PROBLEM DETAILS ▸ From the line containing "Котёнок в добрые руки фото 1" to the line containing "Azulejo de Arte do Sudoeste Incrível" in the entries below, reproduce every line exactly, ends included. Nothing else belongs in the copy, and no pictures.

MATERIAL PROVIDED ▸
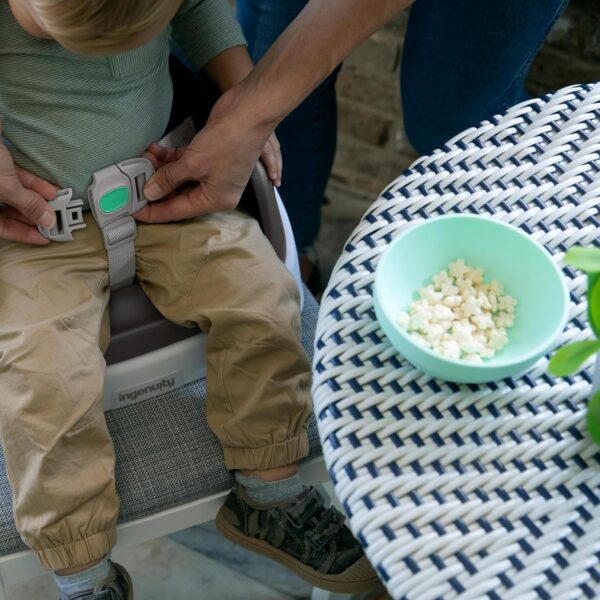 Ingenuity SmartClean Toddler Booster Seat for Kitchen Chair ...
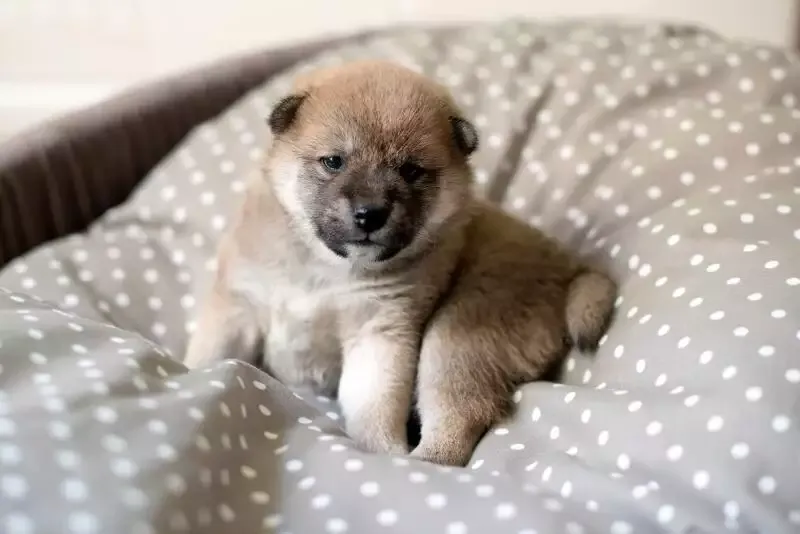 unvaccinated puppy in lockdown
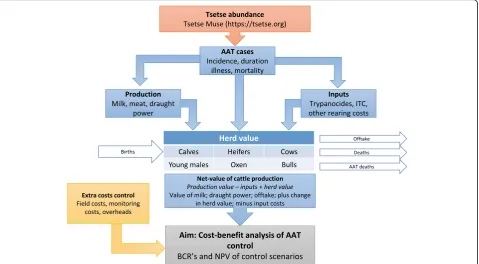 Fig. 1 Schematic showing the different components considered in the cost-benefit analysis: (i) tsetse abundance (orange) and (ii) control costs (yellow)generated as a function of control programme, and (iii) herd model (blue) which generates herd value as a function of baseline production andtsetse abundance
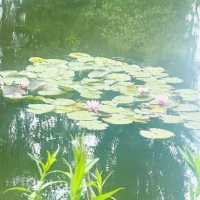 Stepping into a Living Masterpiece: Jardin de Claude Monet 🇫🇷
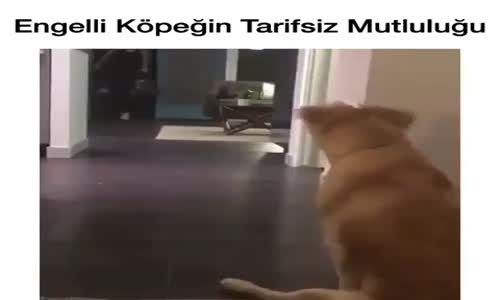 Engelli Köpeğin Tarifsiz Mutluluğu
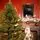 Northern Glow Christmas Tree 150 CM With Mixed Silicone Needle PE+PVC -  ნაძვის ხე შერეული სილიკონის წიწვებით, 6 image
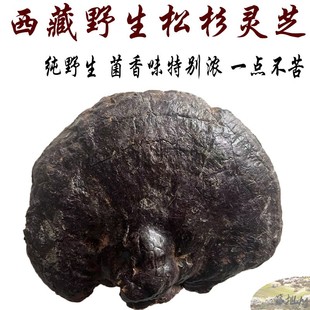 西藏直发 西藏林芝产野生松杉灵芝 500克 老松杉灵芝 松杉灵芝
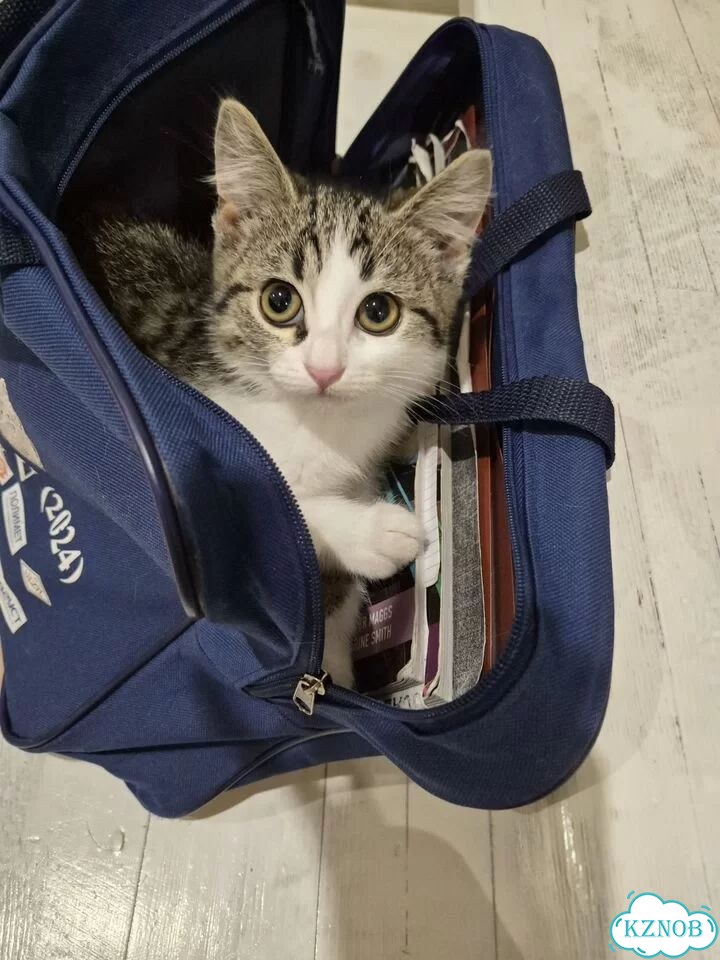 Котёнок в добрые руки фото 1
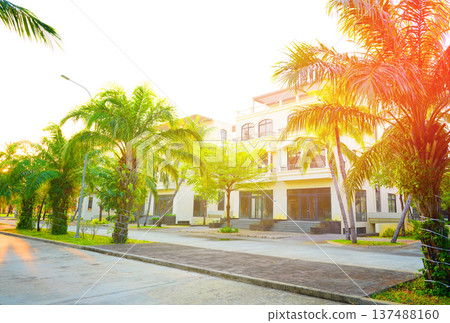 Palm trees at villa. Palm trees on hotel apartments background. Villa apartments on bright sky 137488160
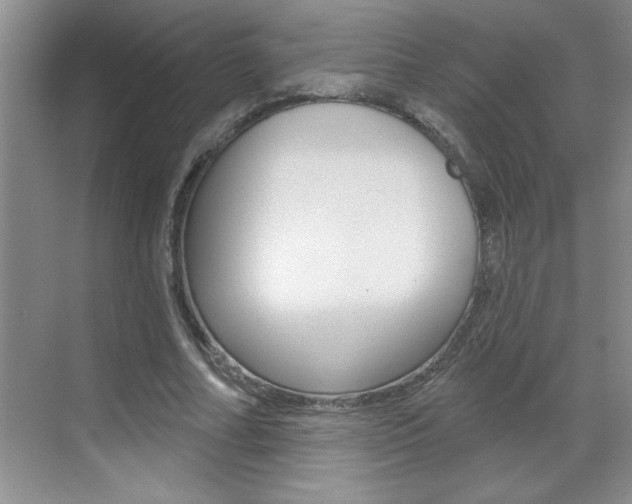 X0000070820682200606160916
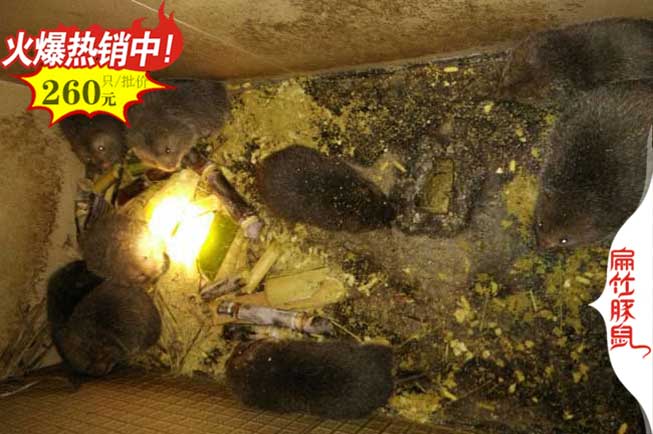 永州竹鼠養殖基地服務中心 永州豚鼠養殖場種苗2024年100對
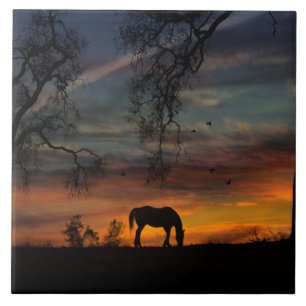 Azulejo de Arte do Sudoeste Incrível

* * *

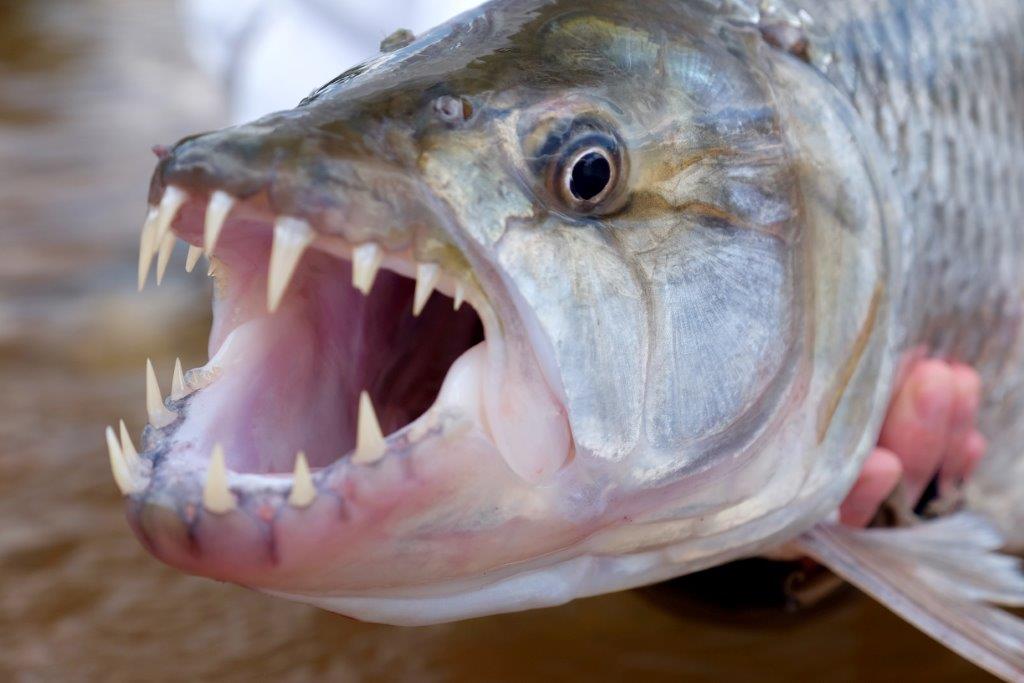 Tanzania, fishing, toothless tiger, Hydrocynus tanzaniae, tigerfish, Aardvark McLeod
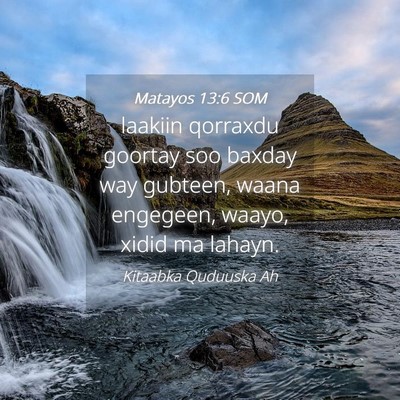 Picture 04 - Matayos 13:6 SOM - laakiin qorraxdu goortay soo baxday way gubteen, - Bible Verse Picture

---

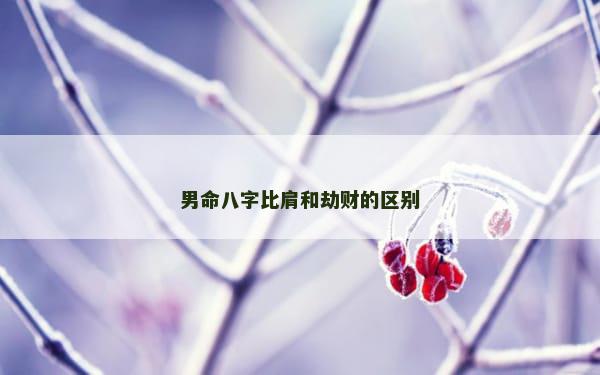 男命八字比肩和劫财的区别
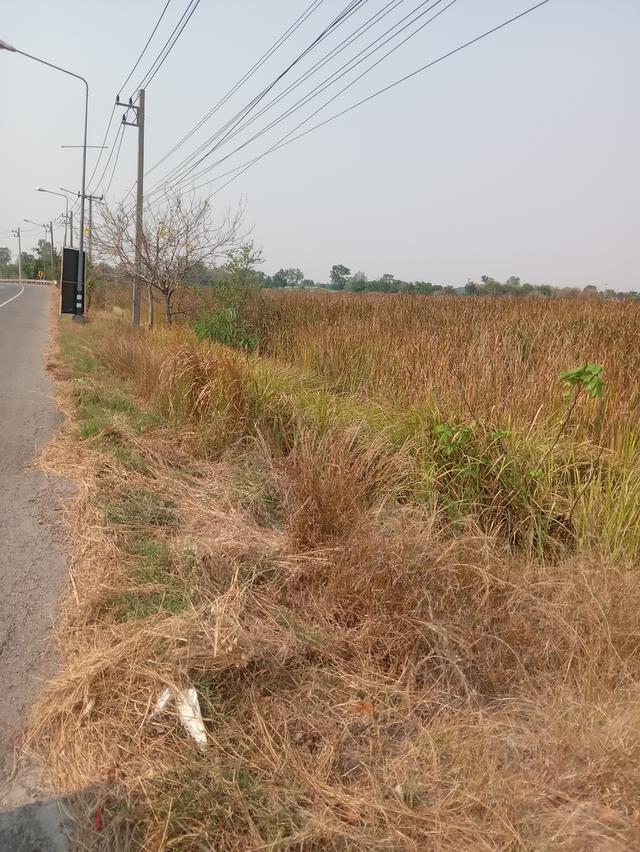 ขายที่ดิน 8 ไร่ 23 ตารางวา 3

TASK RESULT ▸
 Котёнок в добрые руки фото 1
 Palm trees at villa. Palm trees on hotel apartments background. Villa apartments on bright sky 137488160
 X0000070820682200606160916
 永州竹鼠養殖基地服務中心 永州豚鼠養殖場種苗2024年100對
 Azulejo de Arte do Sudoeste Incrível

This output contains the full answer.